A backend does not necessary have autodiff capabilities, the ADBackend
trait is there to specify when autodiff is required.
Tensor
The Tensor
struct is at the core of the burn
framework.
It takes two generic parameters, the Backend
and the number of dimensions D
,
Backpropagation is also supported on any backend by making them auto differentiable using a simple decorator.

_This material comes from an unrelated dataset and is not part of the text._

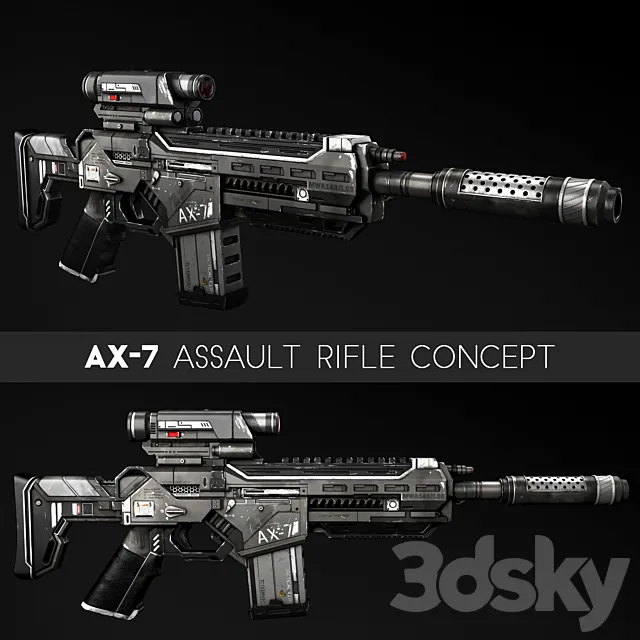 AX-7 Assault Rifle 3ds Max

use burn::tensor::backend::{ADBackend, Backend};
use burn::tensor::{Distribution, Tensor};
use burn_autodiff::ADBackendDecorator;
use burn_ndarray::NdArrayBackend;
use burn_tch::TchBackend;
fn simple_function<B: Backend>() -> Tensor<B, 2> {
let x = Tensor::<B, 2>::random([3, 3], Distribution::Standard);
let y = Tensor::<B, 2>::random([3, 3], Distribution::Standard);
x.matmul(&y)
}
fn simple_function_grads<B: ADBackend>() -> B::Gradients {
let z = simple_function::<B>();
z.backward()
}
fn main() {
let _z = simple_function::<NdArrayBackend<f32>>(); // Compiles
let _z = simple_function::<TchBackend<f32>>(); // Compiles
let _grads = simple_function_grads::<NdArrayBackend<f32>>(); // Doesn't compile
let _grads = simple_function_grads::<TchBackend<f32>>(); // Doesn't compile
type ADNdArrayBackend = ADBackendDecorator<NdArrayBackend<f32>>;
type ADTchBackend = ADBackendDecorator<TchBackend<f32>>;
let _grads = simple_function_grads::<ADNdArrayBackend>(); // Compiles
let _grads = simple_function_grads::<ADTchBackend>(); // Compiles
}
Module
The Module
derive let your create your own neural network modules similar to PyTorch.
use burn::nn;
use burn::module::{Param, Module};
use burn::tensor::backend::Backend;
#[derive(Module, Debug)]
struct MyModule<B: Backend> {
my_param: Param<nn::Linear<B>>,
repeat: usize,
}
Note that only the fields wrapped inside Param
are updated during training, and the other ones should implement Clone
.
Config
The Config
derive lets you define serializable and deserializable configurations or hyper-parameters for your modules or any components.
use burn::config::Config;
#[derive(Config)]
struct MyConfig {
#[config(default = 1.0e-6)]
pub epsilon: usize,
pub dim: usize,
}
The derive also adds useful methods to your config.
fn main() {
let config = MyConfig::new(100);
println!("{}", config.epsilon); // 1.0.e-6
println!("{}", config.dim); // 100
let config = MyConfig::new(100).with_epsilon(1.0e-8);
println!("{}", config.epsilon); // 1.0.e-8
}
Learner
The Learner
is the main struct
that let you train a neural network with support for logging
, metric
, checkpointing
and more.
In order to create a learner, you must use the LearnerBuilder
.
use burn::train::LearnerBuilder;
use burn::train::metric::{AccuracyMetric, LossMetric};
fn main() {
let dataloader_train = ...;
let dataloader_valid = ...;
let model = ...;
let optim = ...;
let learner = LearnerBuilder::new("/tmp/artifact_dir")
.metric_train_plot(AccuracyMetric::new())
.metric_valid_plot(AccuracyMetric::new())
.metric_train(LossMetric::new())
.metric_valid(LossMetric::new())
.with_file_checkpointer::<f32>(2)
.num_epochs(10)
.build(model, optim);
let _model_trained = learner.fit(dataloader_train, dataloader_valid);
}
See this example for a real usage.
no_std support
Burn supports no_std
with alloc
for the inference mode with the NDArray backend. Simply disable the default features of the burn
and burn-ndarray
packages (minimum required to run the inference mode). See the burn-no-std-tests package as a reference implementation. Additionally burn-core
and burn-tensor
packages support no_std
with alloc
if needed to direclty include them as dependencies (the burn
package reexports burn-core
and burn-tensor
).
Note, under the no_std
mode, a random seed is generated during the build time if the seed is not initialized by Backend::seed
method. Additionally, spin::mutex::Mutex is used in place of std::sync::Mutex under the no_std
mode.
License
Burn is distributed under the terms of both the MIT license and the Apache License (Version 2.0). See LICENSE-APACHE and LICENSE-MIT for details. Opening a pull request is assumed to signal agreement with these licensing terms.